It has become conventional wisdom that the much heralded ISG report had negligible impact on President Bush. At the time of its issuance last December, he damned it with faint praise.

This president was not about to talk to "rogue" regimes just because some unelected body told him to, no matter how "blue ribbon" its members. And no self–respecting president would effectively outsource policymaking on the nation's top security issues.

Upon reflection, though, the impact of the Baker–Hamilton report has been grossly understated. A single sentence – "The situation in Iraq is grave and deteriorating" – was enough to force the president to change the way he and his administration talked about the war.
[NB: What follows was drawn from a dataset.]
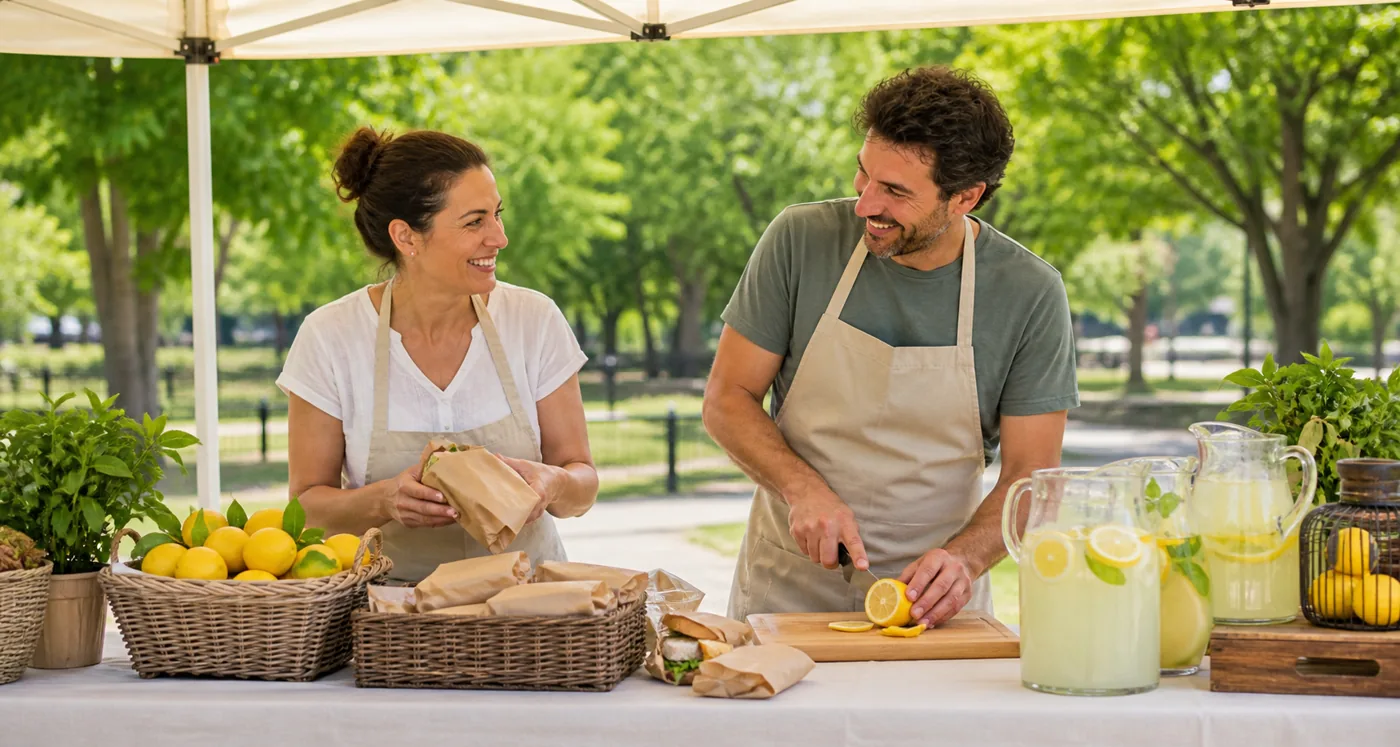 Fictional family-business owners preparing lemonade and lunches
Gone ever since has been the happy talk about "staying the course" and the progress being made toward political reconciliation and greater security.

To be sure, the group's policy recommendations were mostly ignored. Most conspicuous, the group recommended a troop drawdown, rather than a "surge." Still, the report did something very significant: It rebranded the war as the impending failure that it is.

Because of the eminence of the ISG's members and the group's nonpartisan approach, they accomplished what none of the war's other critics – in government, in the media, and in think tanks and universities – could. Ever since, the administration has taken pains to acknowledge that things are not going well in Iraq, and that time is running out to show progress there.

This important, but largely unnoticed, accomplishment is an exception that proves a rule. It highlights how rare it is for a president to be held to account on matters of foreign policy and national security.

Though Congress has the sole weighty constitutional prerogative of "declaring" war, presidents have been waging war without feeling obliged to obtain congressional approval since World War II ended. And though Congress has the power to stop funding wars it has come to disapprove of, the post-Vietnam political reality is that no Congress is likely to exercise it.

Plus, at a time when partisanship is at an all-time high and public regard for all Washington institutions is at an all-time low, there is a limit to how availing even the most vigorous congressional oversight can be.